Chez Debussy, on pourrait davantage parler de démultiplication de cette anamorphose, le motif de ritournelle, par exemple, évoluant par modification progressive sans qu’aucune présentation ne soit répétée. À cette technique célèbre de développement debussyste, qui suppose une progression sans retour en arrière, la forme du sonnet impose cependant ici une légère entorse, la dernière apparition du motif (mes. 29), annonçant l’énoncé du dernier vers, se fait sous une forme qui renoue avec ses premières apparitions, sans toutefois s’y conformer totalement60. La structure spéculaire de mise en abîme, au-delà de l’hétérogénéité de ses manifestations chez Mallarmé et de son rôle de ligature ponctuelle chez Ravel, constitue chez Debussy, appliquée au motif de ritournelle, une source d’unification du matériau et de la forme dans son ensemble.
Répéter en déformant, que cette déformation soit seul reflet anamorphotique ou plus complète mise en abîme, c’est suggérer l’identité au-delà de son simple principe, c’est donner l’ effet de l’unité tout en assurant le développement du matériau : comment ne pas penser ici à l’effet de la spécularité mallarméenne, qui suggère des reflets internes au poème sans pour autant que ceux-ci soient soulignés ?
Si ces techniques d’écriture ne constituent pas en elles-mêmes des caractéristiques de nos deux mélodies, étant repérables beaucoup plus largement dans l’œuvre de nos compositeurs, elles n’en demeurent pas moins ici, par leur association au poème de mallarmé, tout particulièrement justifiées, comme « remotivées » par lui, prenant ainsi une valeur esthétique très forte ; manquer de les évoquer serait oublier un des fils propres à la toile de références, de renvois et d’échos tissée entre les esthétiques de Mallarmé et de Ravel et Debussy.
III. Conclusion
A. Mise en musique, pastiche, récriture
Mettre en musique une œuvre poétique, c’est donc non pas imposer une clôture à celle-ci, mais, au-delà de la permanence de la lettre du texte, qui demeure ici totalement intacte, en mettre à l’épreuve l’ouverture, en infléchir la lecture par le soulignement ou la mise en lumière de certains de ses aspects et, par cet infléchissement, en la tirant à soi, en la faisant passer par le prisme de sa propre sensibilité, la récrire. C’est ce que la comparaison des deux mises en musique-lectures-récritures nous a permis de toucher du doigt, chacune des mélodies supposant des dominantes particulières, une atmosphère « dix-huitiémisée » pour Debussy contre un registre de sensualité mondaine pour Ravel.

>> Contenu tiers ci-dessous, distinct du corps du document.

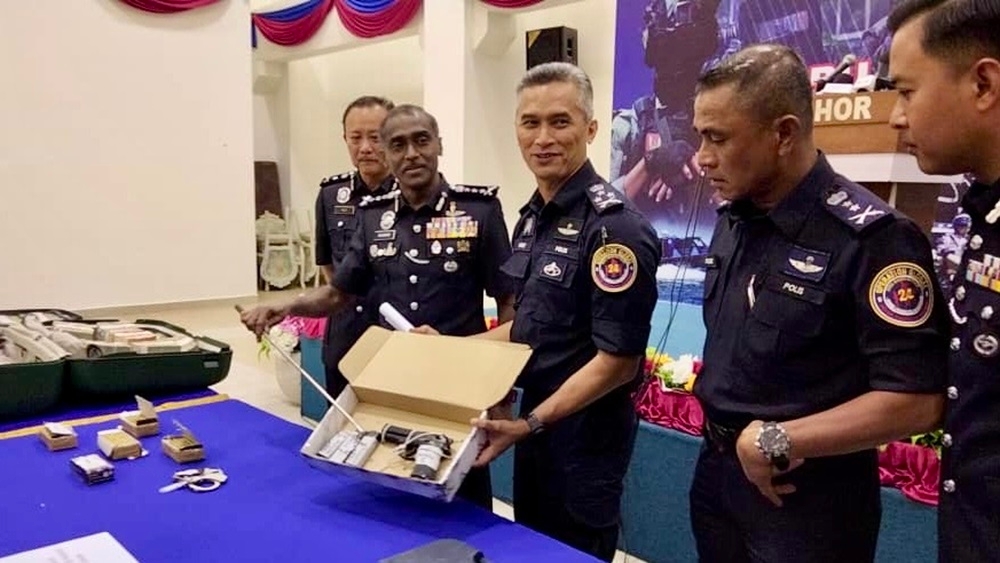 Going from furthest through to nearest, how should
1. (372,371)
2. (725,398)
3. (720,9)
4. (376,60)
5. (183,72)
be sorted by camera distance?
(376,60)
(183,72)
(720,9)
(372,371)
(725,398)

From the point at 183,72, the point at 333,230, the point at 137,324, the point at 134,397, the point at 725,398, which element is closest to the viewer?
the point at 725,398

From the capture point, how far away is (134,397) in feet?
6.38

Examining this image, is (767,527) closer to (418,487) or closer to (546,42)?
(418,487)

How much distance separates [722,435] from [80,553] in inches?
40.3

Quant à savoir si ces récritures relèvent du pastiche, l’analyse ne peut nous en fournir la réponse. C’est même la nature même du pastiche, ambigu, instable et complexe, qui fait obstacle à une telle assignation à ce régime. Toute mise en musique ne peut en effet être assimilée à un pastiche. Si ces récritures en relevaient, ce serait du fait d’un phénomène d’osmose, de contamination par leur texte-matrice : l’ambiguïté et la complexité généralement plus volontiers prêtées à la sémiose musicale – puisqu’en musique aucune désignation ne peut un tant soit peu stabiliser la référence pour le récepteur61–, se trouvent ici encore sensiblement accrues par le mode d’habitation complexe du pastiche que propose le poème de Mallarmé. Aucune réponse tranchée ne peut cependant ici être donnée. C’est pourquoi l’analyse de ces « transfusions » musicales s’est voulue à l’écoute des moindres nuances des œuvres, que seule la mise en série a permis de cerner. Le régime de réécriture à prêter à ces œuvres a donc été évalué de l’intérieur, en fonction de la proximité ou de la distanciation qu’elles affichaient vis-à-vis de leur texte matrice, celui-ci étant considéré tant dans son dit que dans son dire.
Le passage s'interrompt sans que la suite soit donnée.